* Exercise details
Before printing, remove every picture; then print the lines below exactly, from the first line through the line containing "元保護猫のぬぅとじゃじゃ丸（個別スタンプ：38）".

BEGIN Data provided

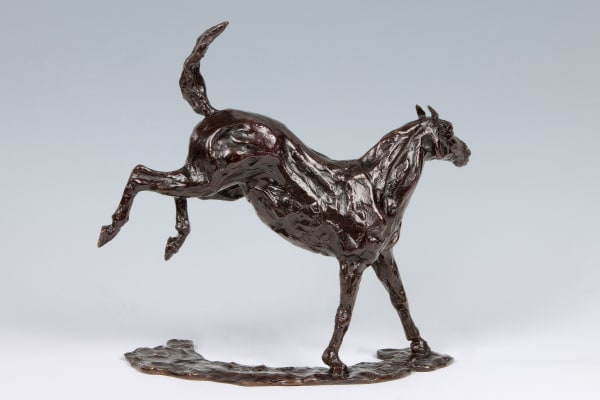 Bucking Pony by Siobhan Bulfin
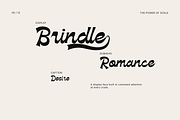 Brindle — Bold Script Display Font, a Handwritten Font by Hasbi Creative (Thumbnail 5 of 12)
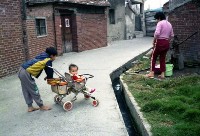 藏品(1950至2006年臺灣常民生活)的圖片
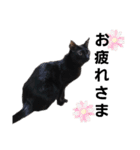 元保護猫のぬぅとじゃじゃ丸（個別スタンプ：38）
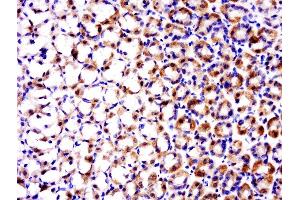 Paraformaldehyde-fixed, paraffin embedded rat stomach, Antigen retrieval by boiling in sodium citrate buffer (pH6. (TRAF1 抗体  (AA 301-416))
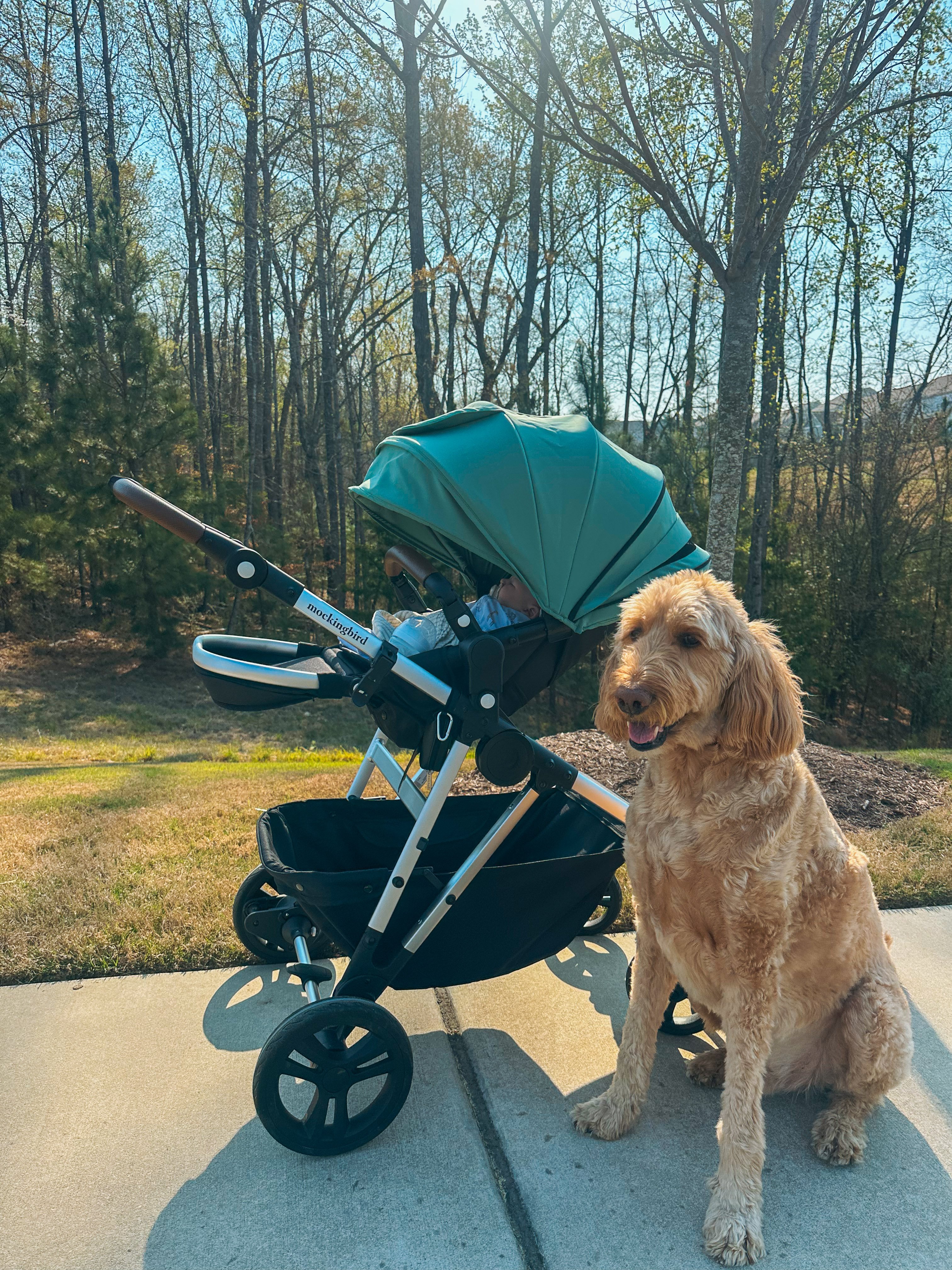 weekly recap, motherhood blog, lifestyle, charlotte, soccer mom, healthy food, lifestyle, dinner for family, postpartum, newborn, boy mom, fort mill, easter, bush n vine, york, anne springs, spring break, motherhood lifestyle blogger, carowinds, healthy dinner ideas, chalk, boy mom, walking, life with toddlers, church, home, baking, gardening, rock hill, spring, coffee, parks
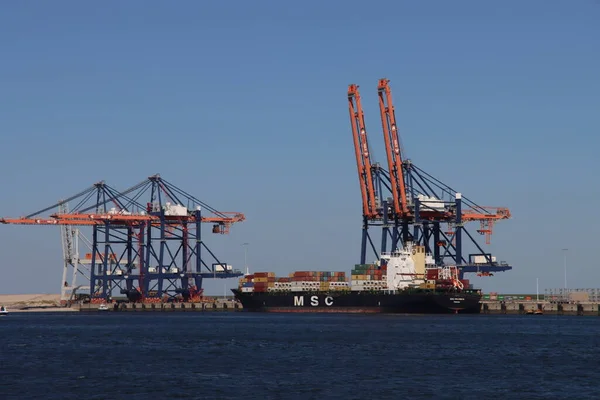 Msc Shannon Puerto Maasvlakte Puerto Rotterdam Países Bajos — Foto de Stock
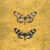 Pair of Butterflies On Gold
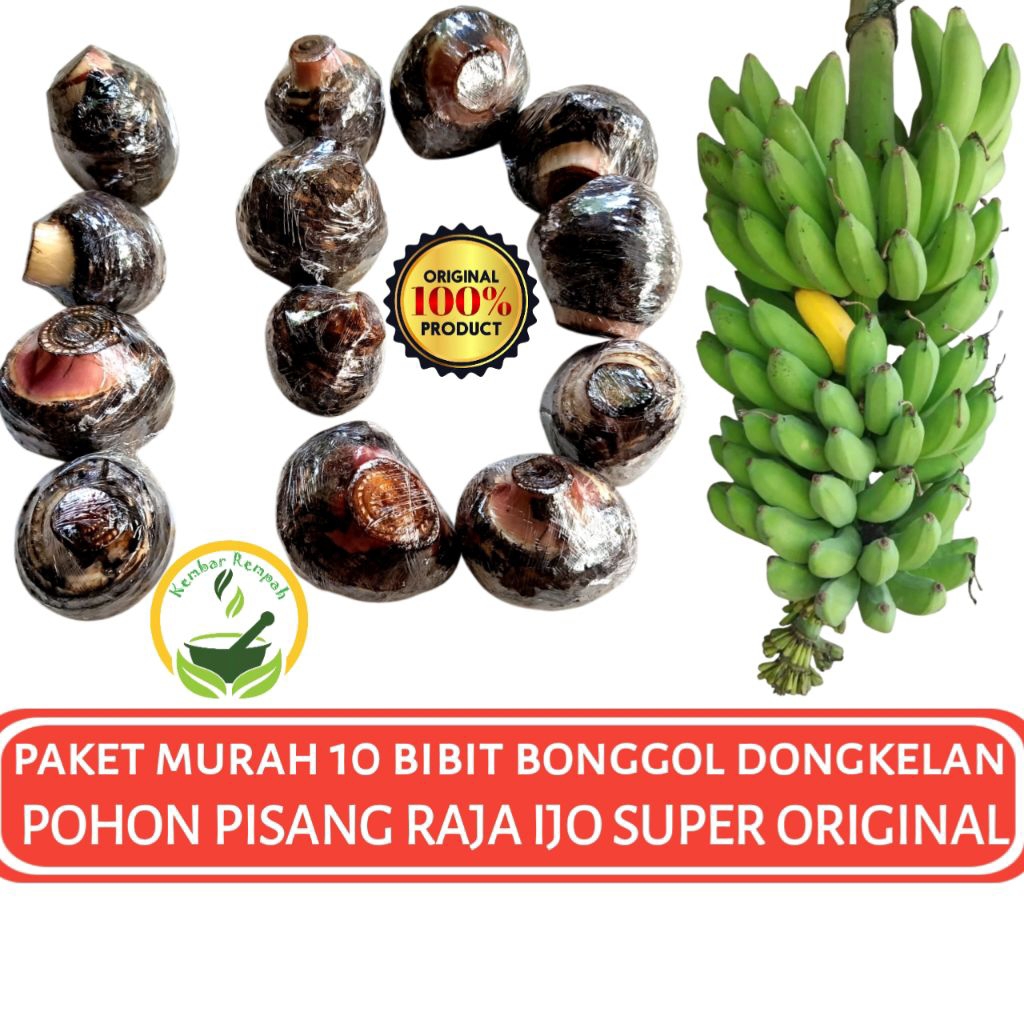 Paket Murah 10 Bibit Bonggol Pisang Raja Ijo Asli Dongkelan Pohon Pisang Raja Sejati Super Original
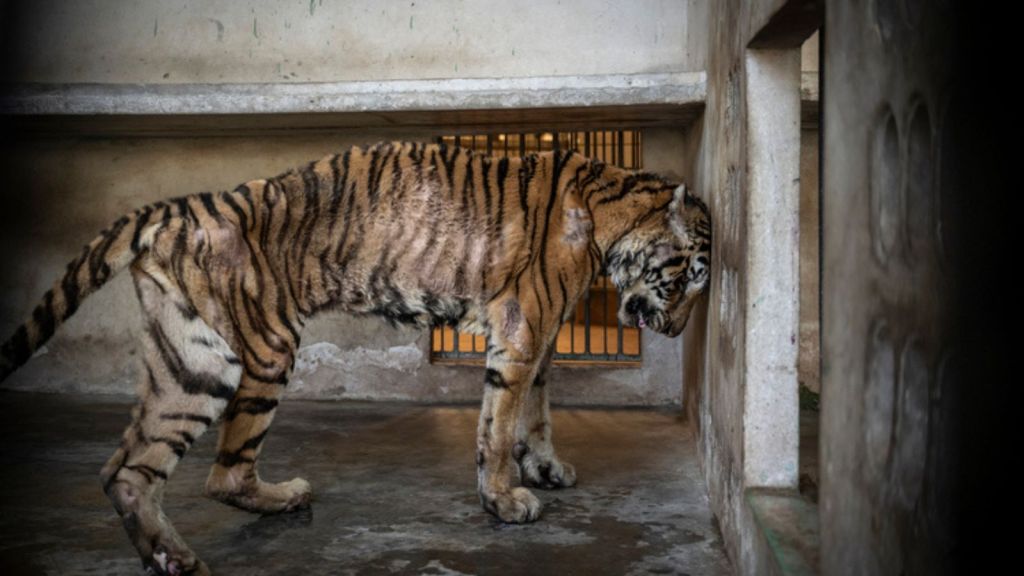 Fotografia, la sofferenza della&nbsp;tigre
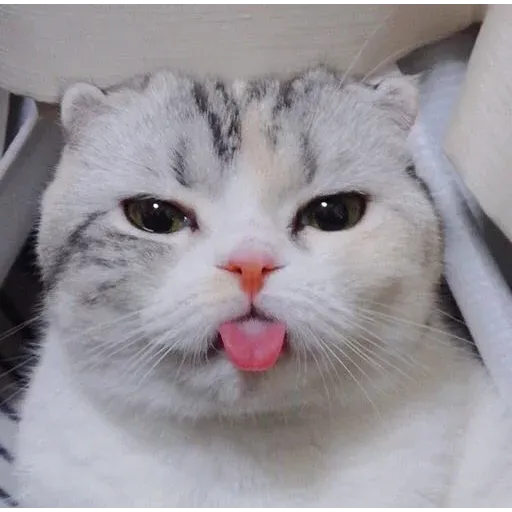 Meow - Sticker 17
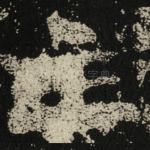 主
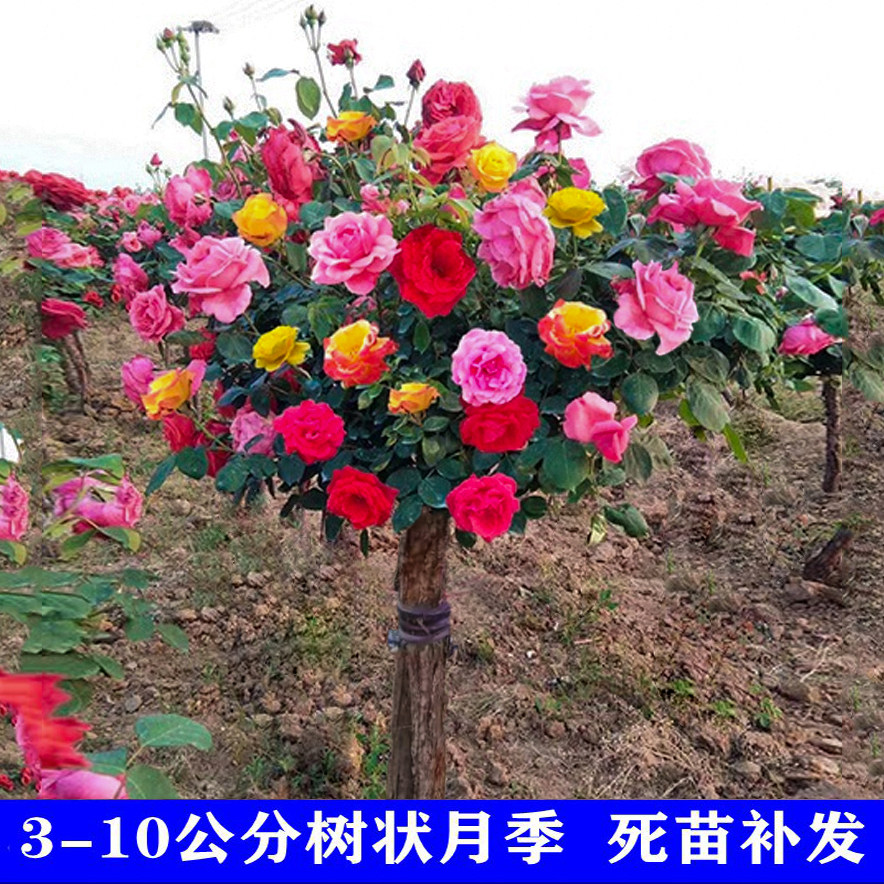 树桩月季花苗特大花盆栽庭院植物花卉四季玫瑰高杆棒棒糖树状月季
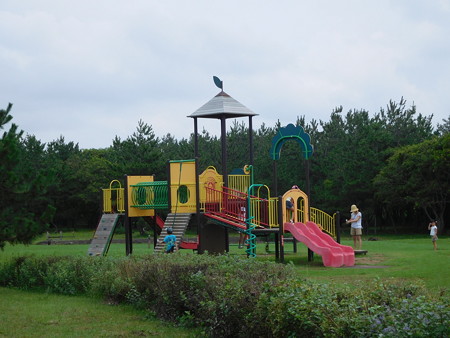 DSCN2282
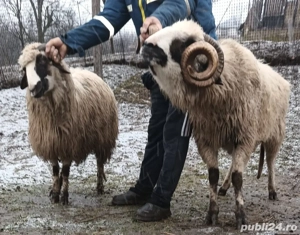 Oi breze și metis  - imagine 2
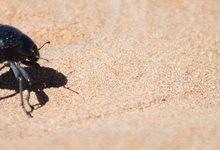 Escarabajo del desierto de Namib. | Wikipedia/Moongateclimber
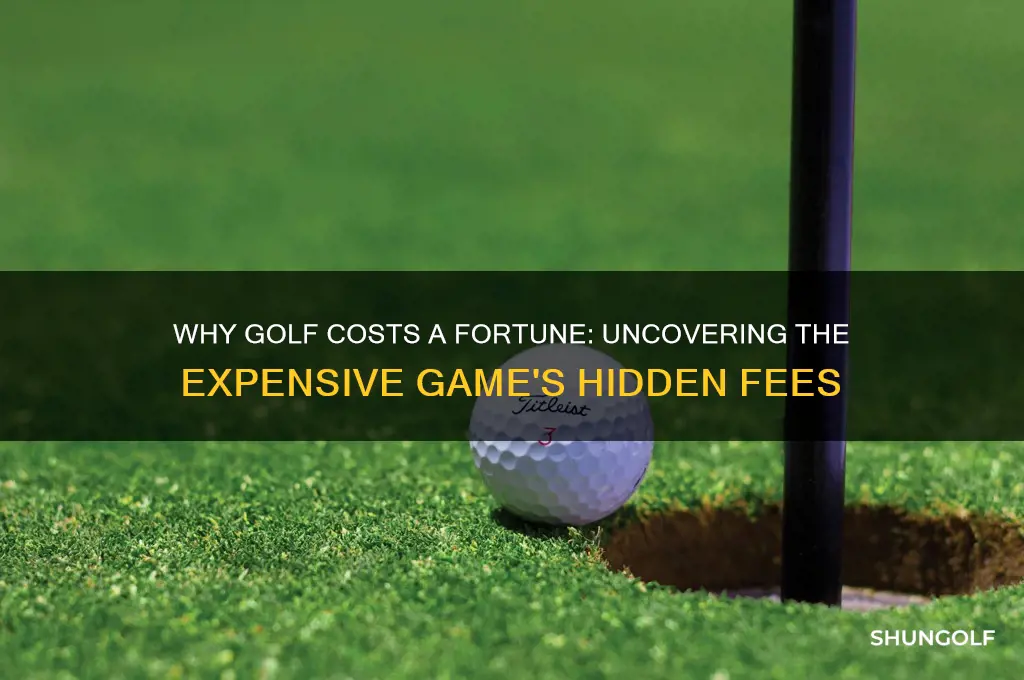 why golf is expensive game
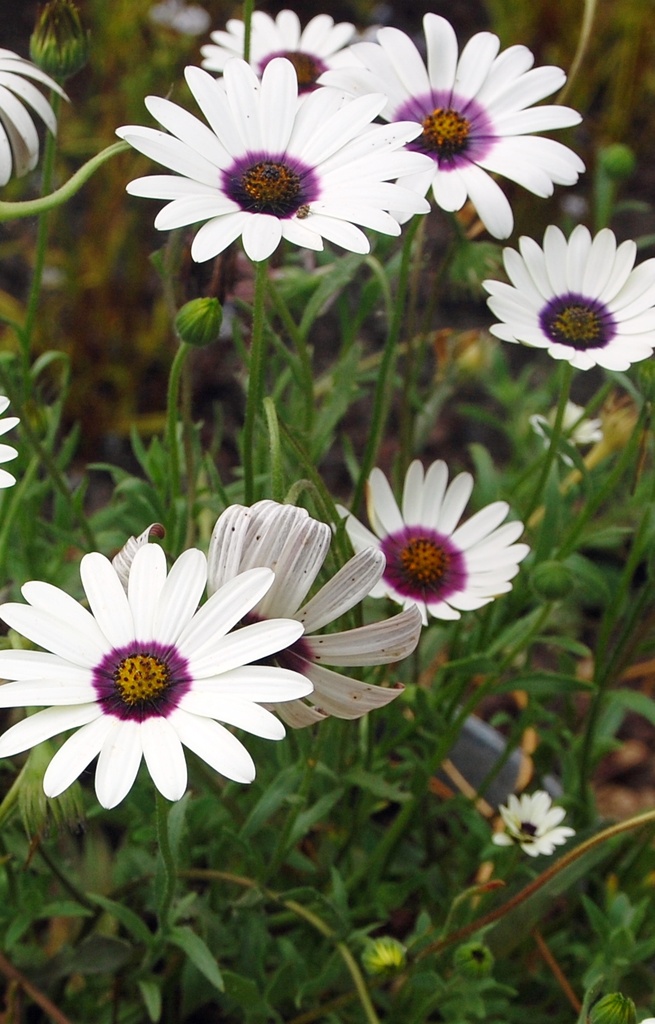 Dimorphotheca 'Glistening White'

END Data provided

* Answer below
 Bucking Pony by Siobhan Bulfin
 Brindle — Bold Script Display Font, a Handwritten Font by Hasbi Creative (Thumbnail 5 of 12)
 藏品(1950至2006年臺灣常民生活)的圖片
 元保護猫のぬぅとじゃじゃ丸（個別スタンプ：38）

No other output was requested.